When you copy from the entries that follow, take only the lines from the one with "Cosmetologist applying permanent" down to the one with "Softshell crab sandwich", keeping both ends and dropping every picture.

Provided records
Start of Block

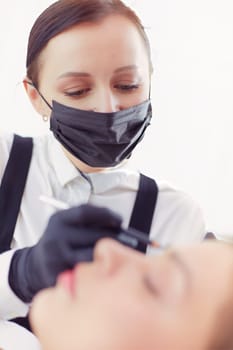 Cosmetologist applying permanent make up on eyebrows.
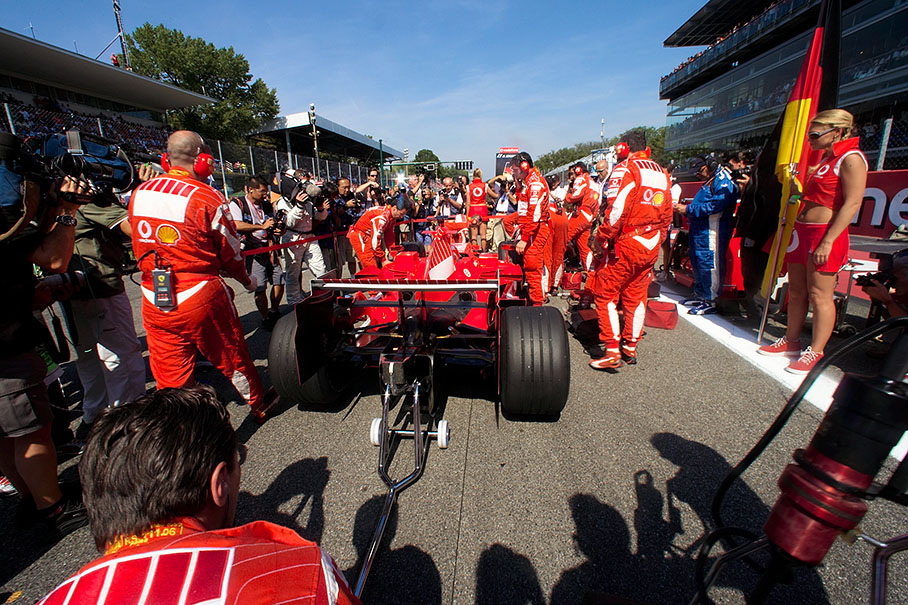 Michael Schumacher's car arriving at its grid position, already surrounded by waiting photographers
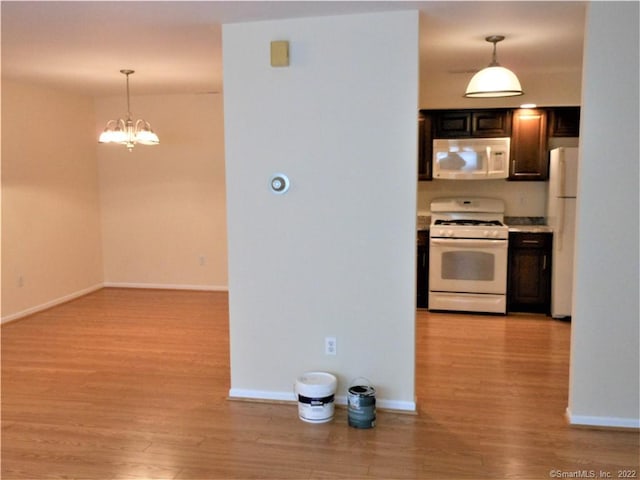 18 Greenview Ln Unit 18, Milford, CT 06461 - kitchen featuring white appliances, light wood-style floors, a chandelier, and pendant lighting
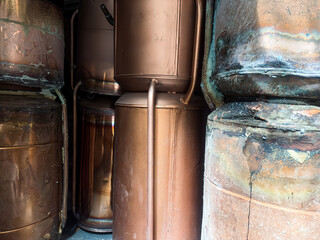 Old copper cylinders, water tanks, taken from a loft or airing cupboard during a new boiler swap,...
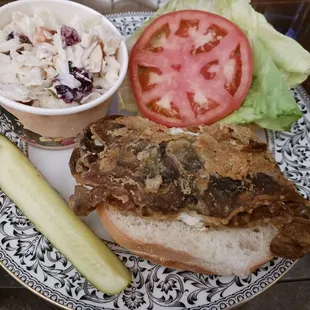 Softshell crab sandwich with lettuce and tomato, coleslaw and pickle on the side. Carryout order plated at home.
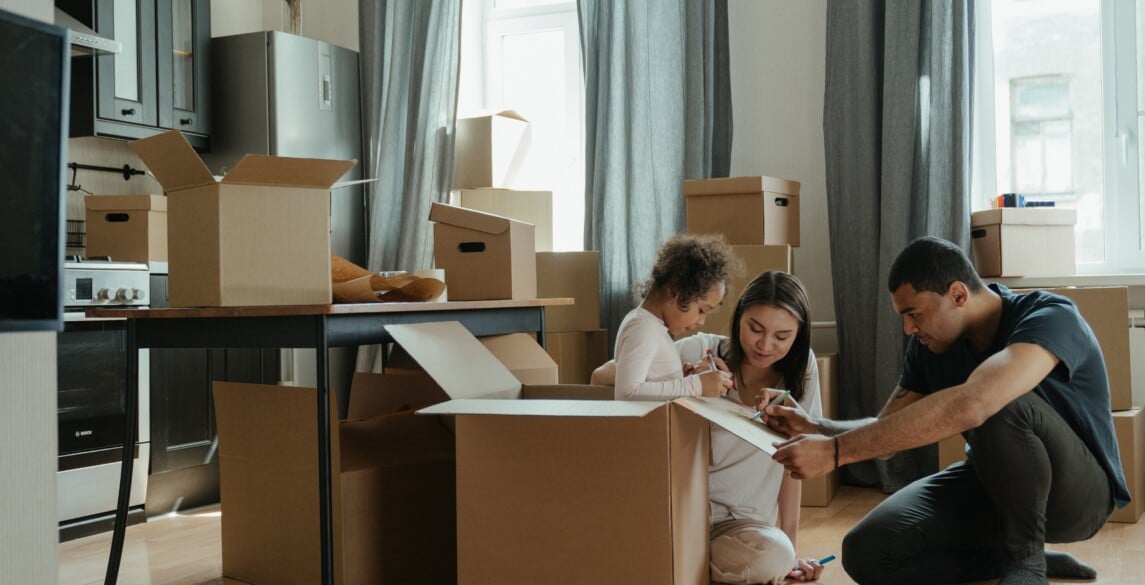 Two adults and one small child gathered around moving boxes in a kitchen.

End of Block
Start of Block

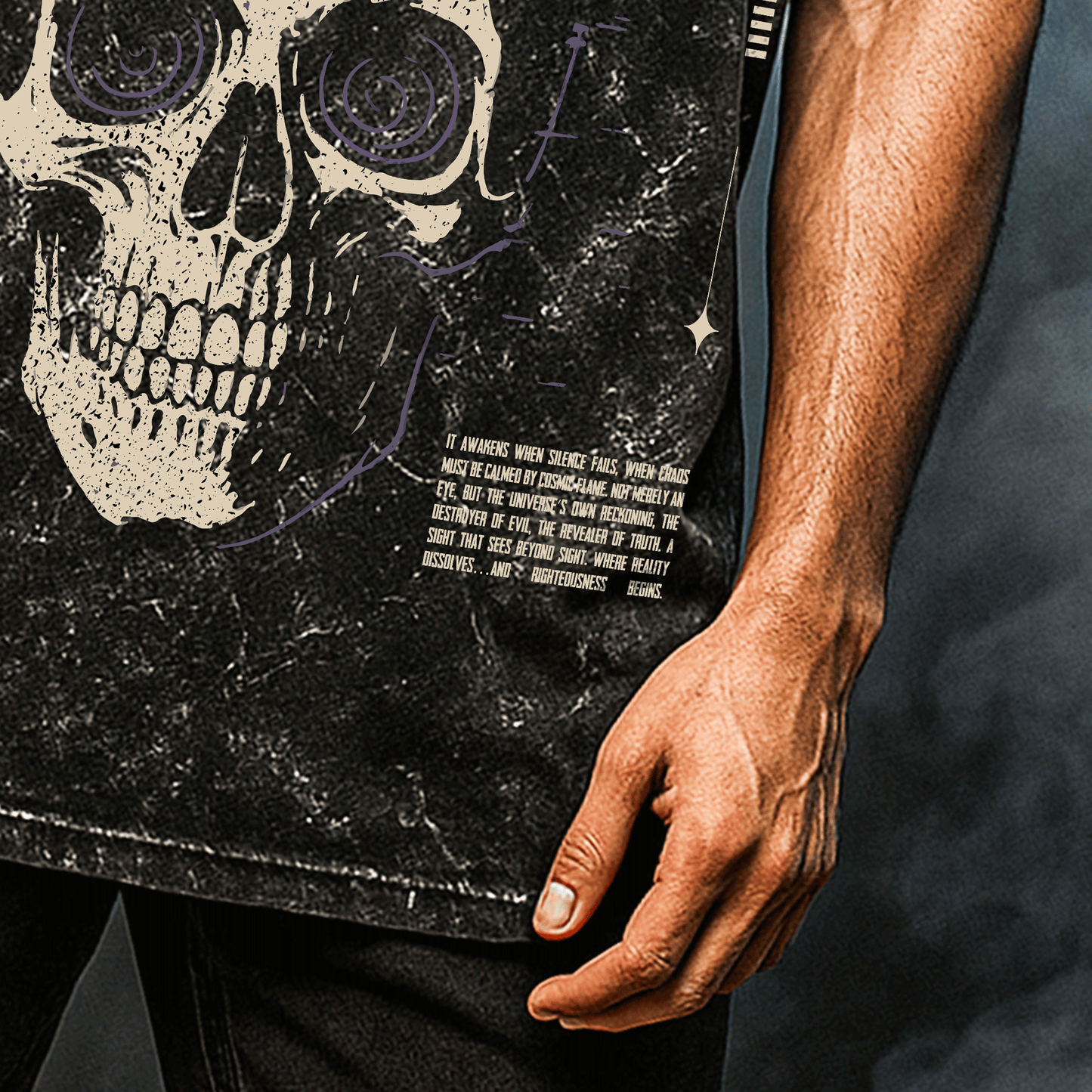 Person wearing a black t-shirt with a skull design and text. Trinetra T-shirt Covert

End of Block
Start of Block

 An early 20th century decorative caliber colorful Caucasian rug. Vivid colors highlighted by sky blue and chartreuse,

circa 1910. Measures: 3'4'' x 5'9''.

End of Block

Task solution
 Cosmetologist applying permanent make up on eyebrows.
 Michael Schumacher's car arriving at its grid position, already surrounded by waiting photographers
 18 Greenview Ln Unit 18, Milford, CT 06461 - kitchen featuring white appliances, light wood-style floors, a chandelier, and pendant lighting
 Old copper cylinders, water tanks, taken from a loft or airing cupboard during a new boiler swap,...
 Softshell crab sandwich with lettuce and tomato, coleslaw and pickle on the side. Carryout order plated at home.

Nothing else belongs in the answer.